Work request: Leave out the pictures, and retype the remaining data exactly.

*** Opening Data to process ***

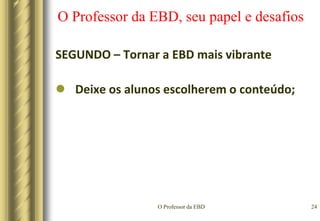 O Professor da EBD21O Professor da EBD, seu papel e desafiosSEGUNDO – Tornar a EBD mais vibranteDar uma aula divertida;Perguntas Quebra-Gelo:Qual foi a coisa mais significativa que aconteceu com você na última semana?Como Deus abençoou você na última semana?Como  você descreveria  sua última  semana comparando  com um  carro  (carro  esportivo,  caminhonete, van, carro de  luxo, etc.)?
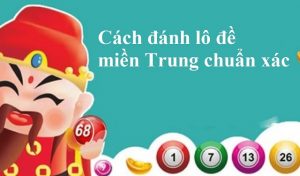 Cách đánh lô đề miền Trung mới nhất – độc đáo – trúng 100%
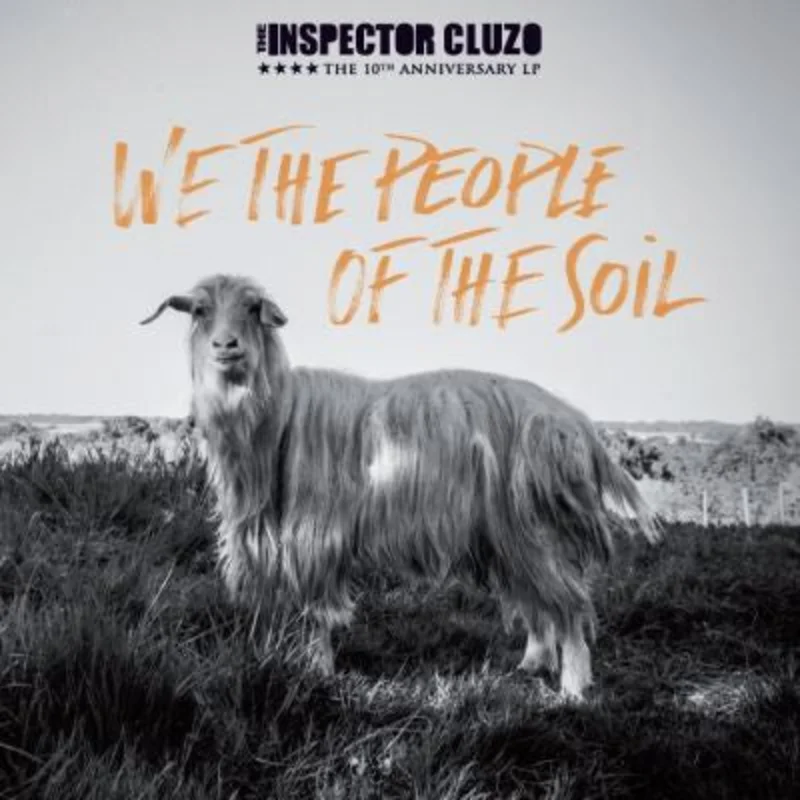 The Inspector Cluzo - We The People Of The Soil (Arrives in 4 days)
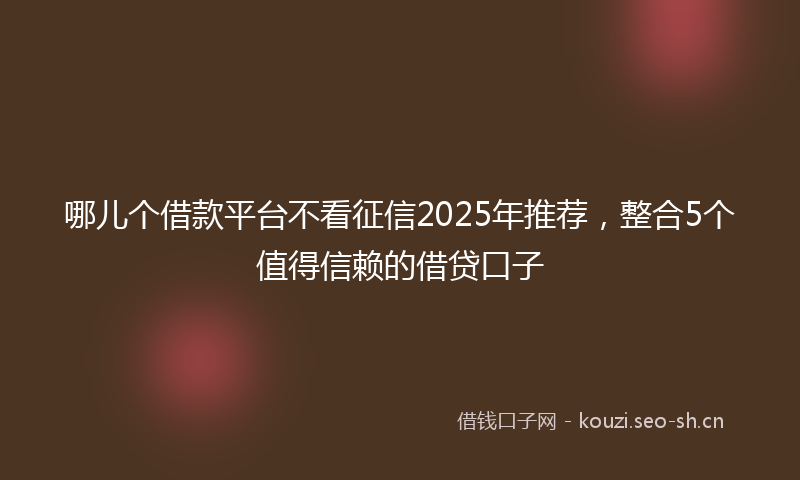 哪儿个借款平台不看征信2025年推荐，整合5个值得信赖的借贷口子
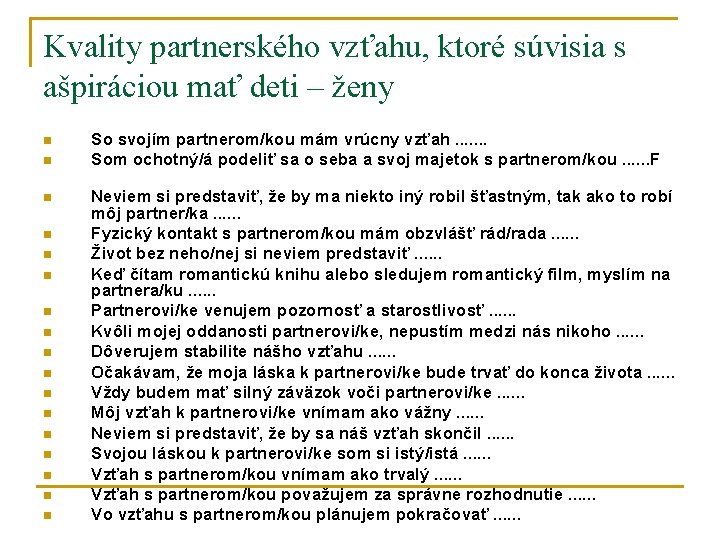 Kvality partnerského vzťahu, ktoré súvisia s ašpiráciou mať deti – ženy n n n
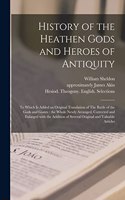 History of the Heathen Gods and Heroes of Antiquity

*** Closing Data to process ***

Solved exercise:
 O Professor da EBD21O Professor da EBD, seu papel e desafiosSEGUNDO – Tornar a EBD mais vibranteDar uma aula divertida;Perguntas Quebra-Gelo:Qual foi a coisa mais significativa que aconteceu com você na última semana?Como Deus abençoou você na última semana?Como  você descreveria  sua última  semana comparando  com um  carro  (carro  esportivo,  caminhonete, van, carro de  luxo, etc.)?
 Cách đánh lô đề miền Trung mới nhất – độc đáo – trúng 100%
 The Inspector Cluzo - We The People Of The Soil (Arrives in 4 days)
 哪儿个借款平台不看征信2025年推荐，整合5个值得信赖的借贷口子
 Kvality partnerského vzťahu, ktoré súvisia s ašpiráciou mať deti – ženy n n n
 History of the Heathen Gods and Heroes of Antiquity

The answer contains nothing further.